### Work to complete
Only the lines from the one containing "Продажа квартиры: п." through the one containing "Artel Shahrisabz 12invertor" should be printed, exactly as they appear below, with both ends included.

### Dataset extract
=-=-=-=-=
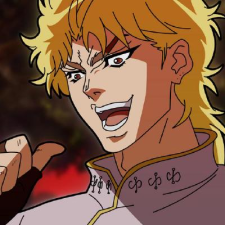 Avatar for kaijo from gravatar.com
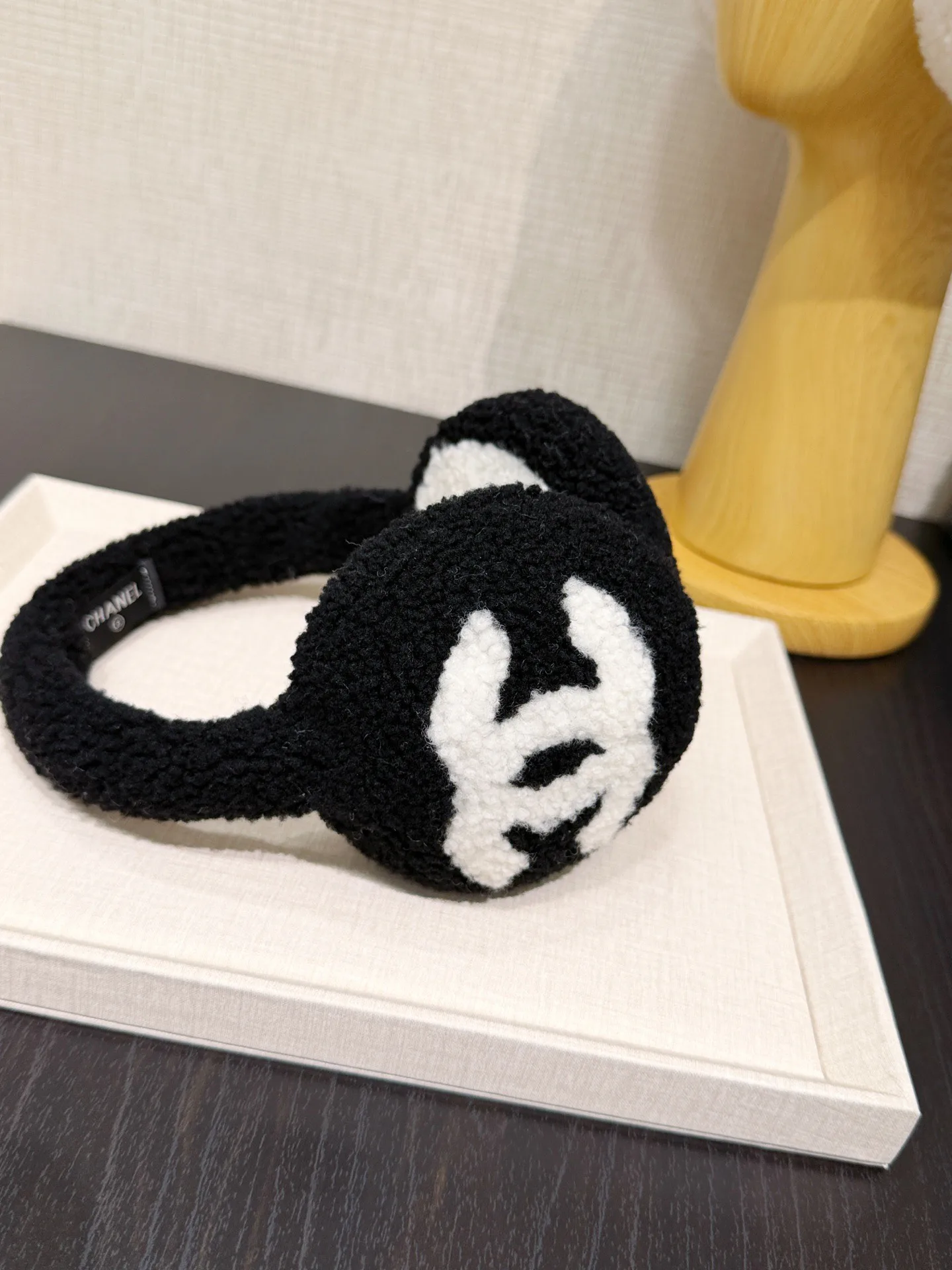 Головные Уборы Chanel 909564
=-=-=-=-=
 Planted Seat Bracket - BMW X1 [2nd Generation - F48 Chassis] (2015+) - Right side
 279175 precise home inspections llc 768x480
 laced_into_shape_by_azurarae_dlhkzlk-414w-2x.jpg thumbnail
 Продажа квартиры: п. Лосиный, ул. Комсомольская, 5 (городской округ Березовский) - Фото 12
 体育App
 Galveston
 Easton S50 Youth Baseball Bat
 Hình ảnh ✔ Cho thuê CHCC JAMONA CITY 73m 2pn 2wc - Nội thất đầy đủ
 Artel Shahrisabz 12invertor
=-=-=-=-=
### Reply to the task
 Продажа квартиры: п. Лосиный, ул. Комсомольская, 5 (городской округ Березовский) - Фото 12
 体育App
 Galveston
 Easton S50 Youth Baseball Bat
 Hình ảnh ✔ Cho thuê CHCC JAMONA CITY 73m 2pn 2wc - Nội thất đầy đủ
 Artel Shahrisabz 12invertor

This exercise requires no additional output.